[Ben] Vehorn had lived in Northern Virginia. He'd spent the '90s in Seattle. He and a friend considered moving to Pittsburgh. But Akron was cheaper than the Pacific Northwest and NoVa, and cooler than the Burgh. So Vehorn became an Akronite and small-business owner. He's a partner in Tangerine Sound Studios with Pat Carney, the drummer in the Black Keys, Akron's respected ambassadors to the international rock 'n' roll community.
Vehorn, who grew up all over the world as a military kid, was living in Delaware when he met the Keys at a show. The duo invited him to Akron, where singer-guitarist Dan Auerbach gave him a tour, showing him old industrial buildings and big lawns. Akron looked like his kind of place. Once he moved there, he couldn't believe his eyes when he saw the "Studio for Rent" sign on the former Neon Cactus complex, a big white-brick block in North Hill.
"It seems like an undervalued city," says the soft-spoken and focused Vehorn.

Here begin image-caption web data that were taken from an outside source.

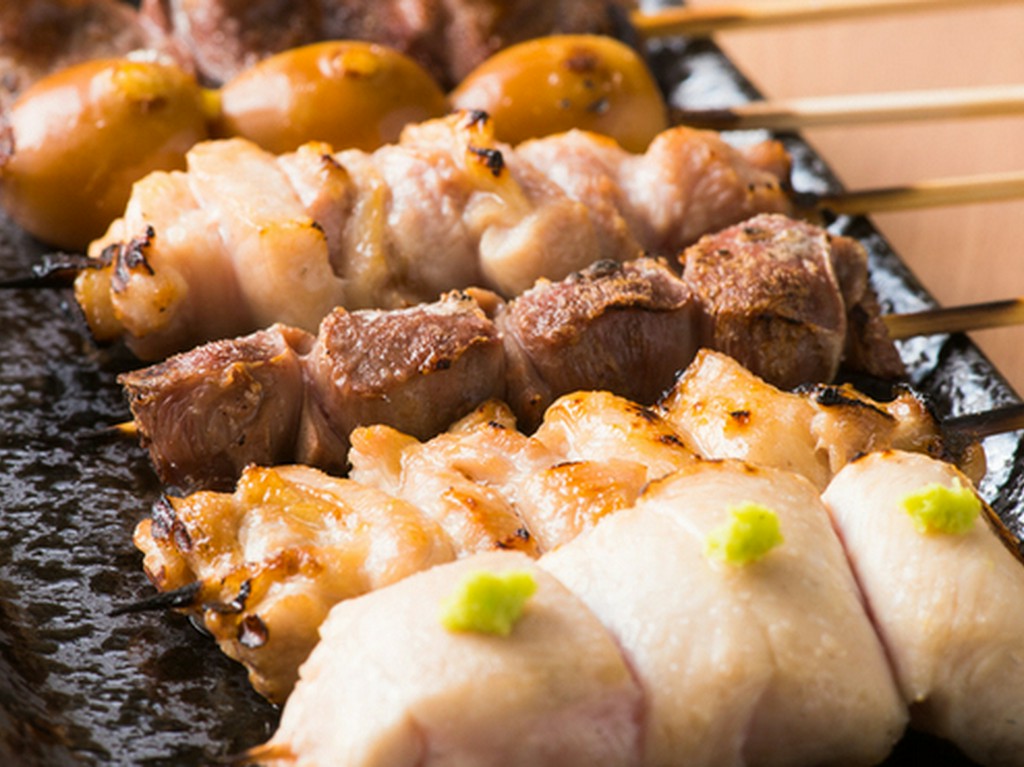 備長炭で焼き上げる『焼き鳥』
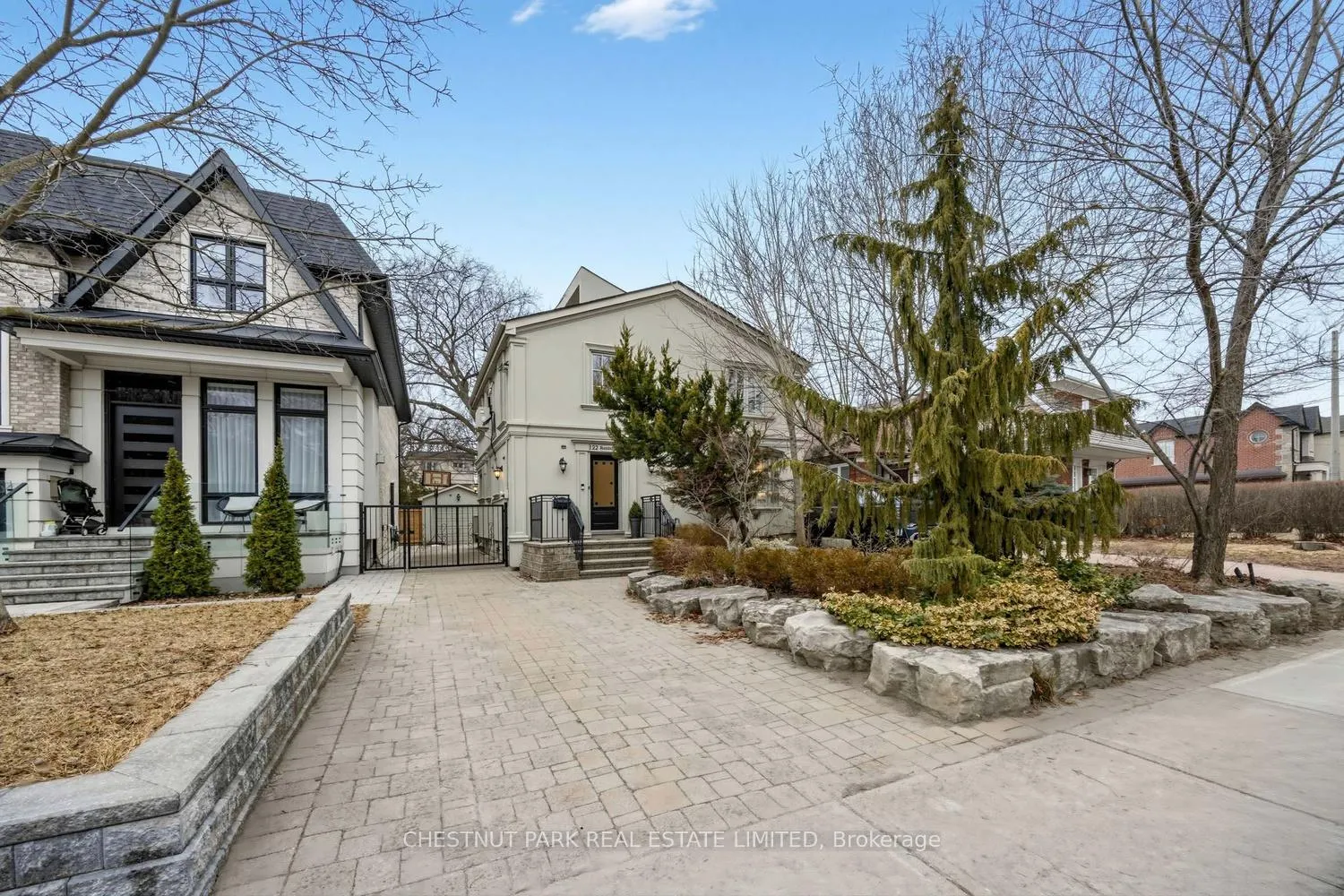 Photo 32 of 122 Randolph Road, Toronto, Leaside — HOMEH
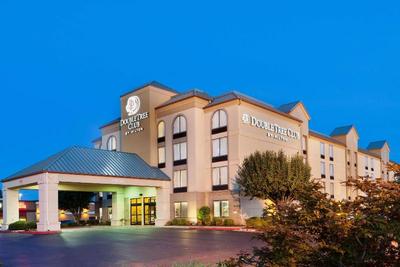 Doubletree Club Springdale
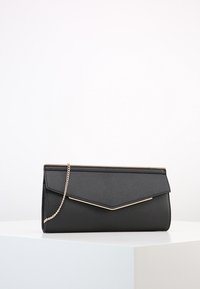 Borsa a mano nera con finitura testurizzata, design con patta angolare, tracolla in catena metallica e accento argentato lungo il bordo.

With pointy tattoos on his forearms, long brown hair and plastic glasses, he looks like a smaller version of American Chopper's Mikey - but more likable and 10 times as smart. "The inherent value of the architecture, all these cool old houses that sell for nothing ... It's nice to not have all the traffic problems and people and pent-up urban angst. People seem more relaxed here. And it's beautiful - the parks and the weather."
While I don't have the trend-spotting cred of Richard Florida, I think something significant is going on in the Rust Belt. Place rankings look at yesterday's landscape, but say little about where people are now heading. I can see a day in the not too distant future when too much in-migration ruins Rust Belt Chic.